Start of Material provided

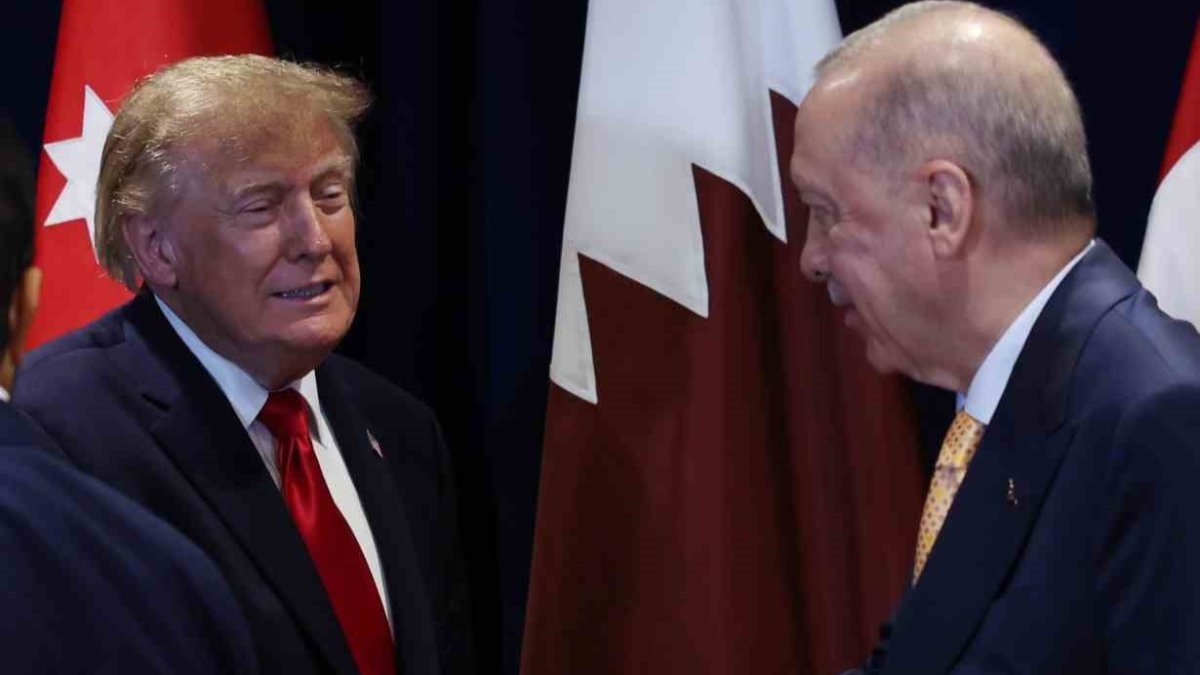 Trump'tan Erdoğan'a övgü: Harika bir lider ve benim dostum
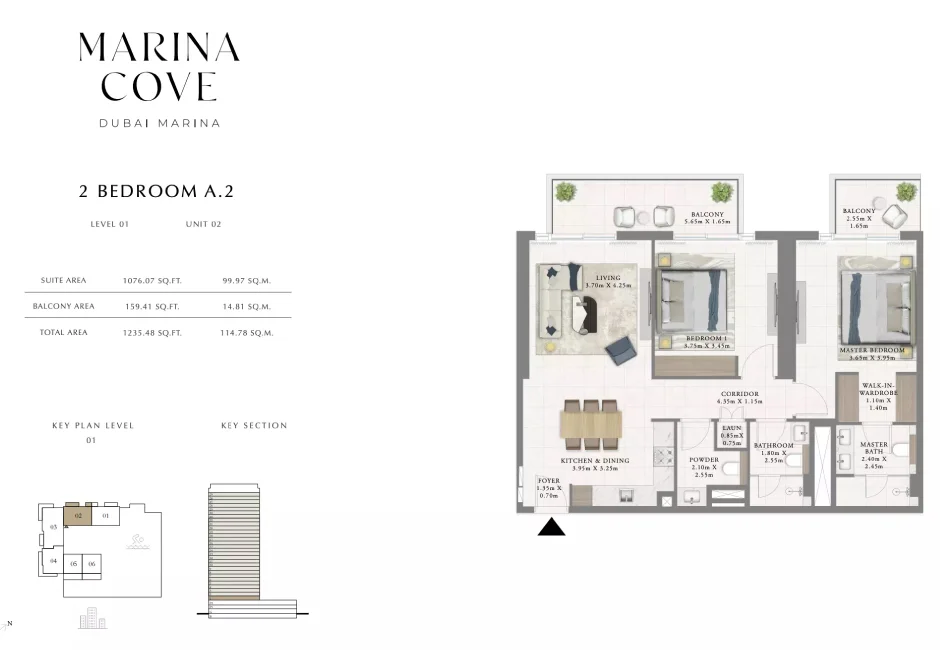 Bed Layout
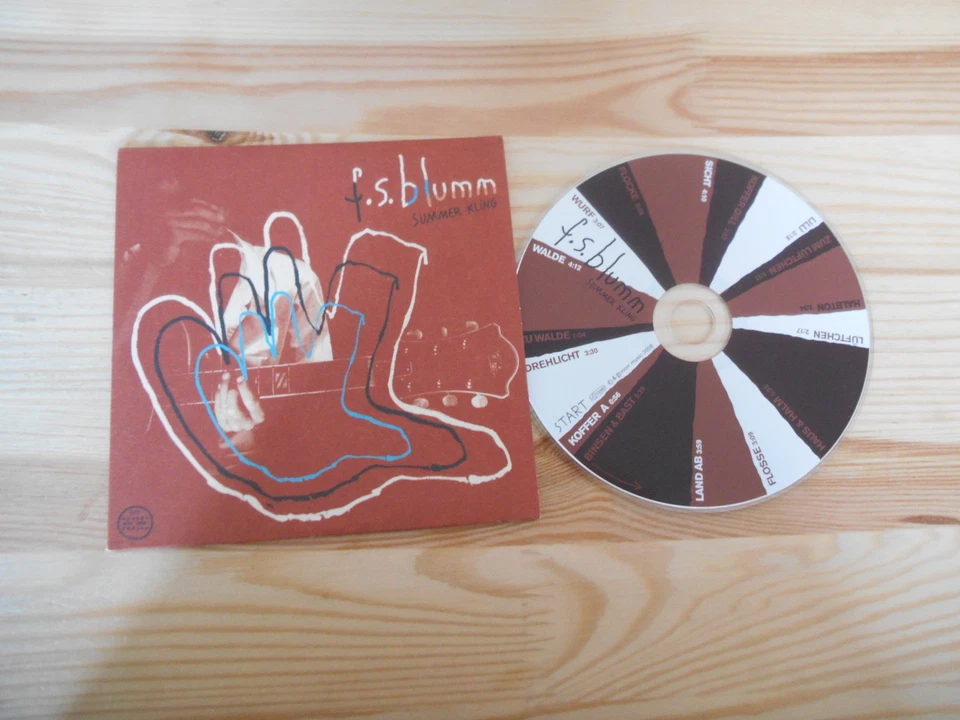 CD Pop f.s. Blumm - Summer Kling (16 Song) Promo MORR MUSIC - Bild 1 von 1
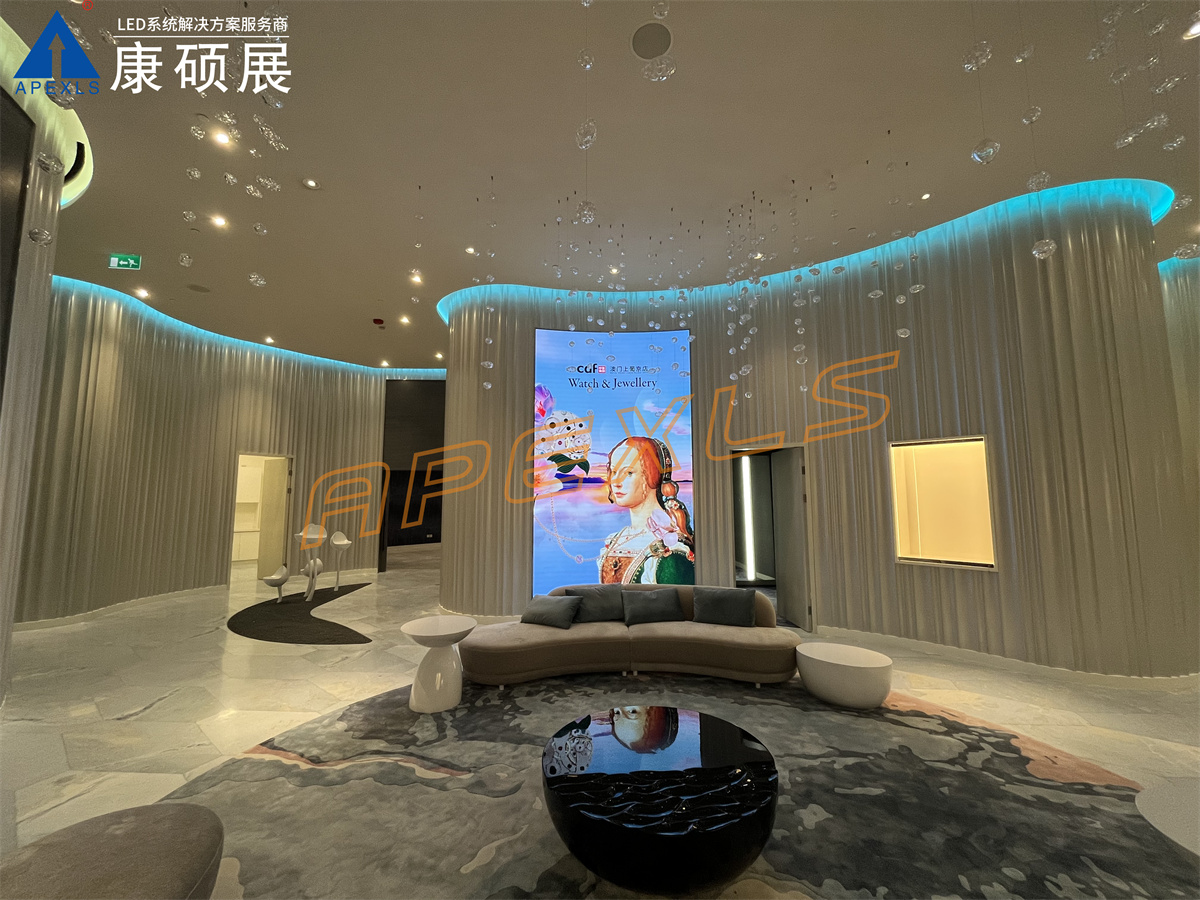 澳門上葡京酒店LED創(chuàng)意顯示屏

End of Material provided
Start of Material provided

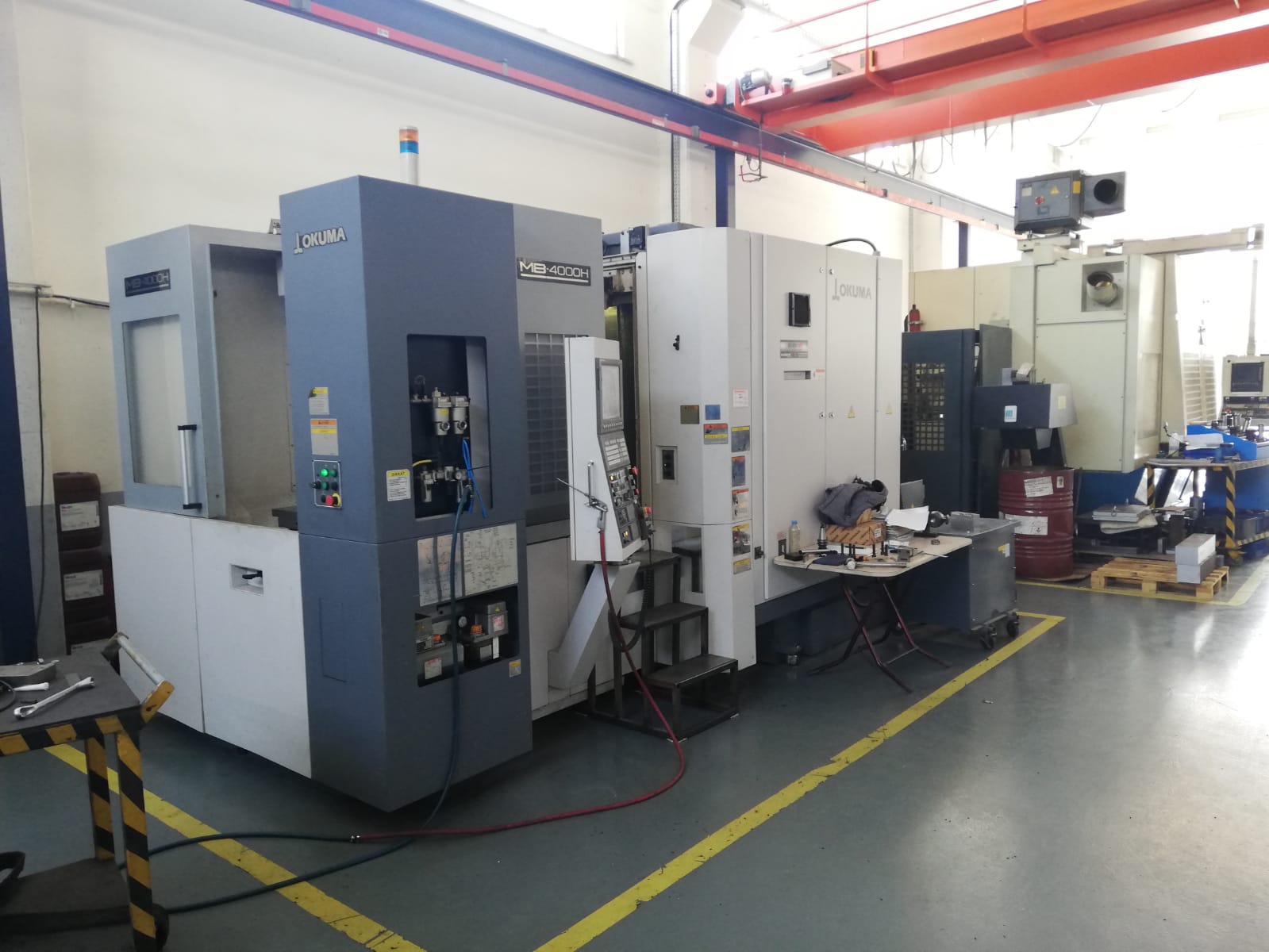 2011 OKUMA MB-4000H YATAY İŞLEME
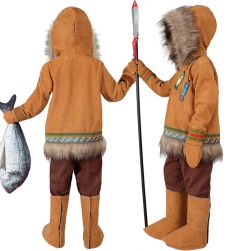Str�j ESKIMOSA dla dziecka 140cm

End of Material provided

**Work order**:
Within the entries above, the lines from the one containing "Trump'tan Erdoğan'a övgü: Harika" through the one containing "澳門上葡京酒店LED創(chuàng)意顯示屏" are to be transcribed exactly, ends included, pictures excluded.

**Answer for this exercise**:
 Trump'tan Erdoğan'a övgü: Harika bir lider ve benim dostum
 Bed Layout
 CD Pop f.s. Blumm - Summer Kling (16 Song) Promo MORR MUSIC - Bild 1 von 1
 澳門上葡京酒店LED創(chuàng)意顯示屏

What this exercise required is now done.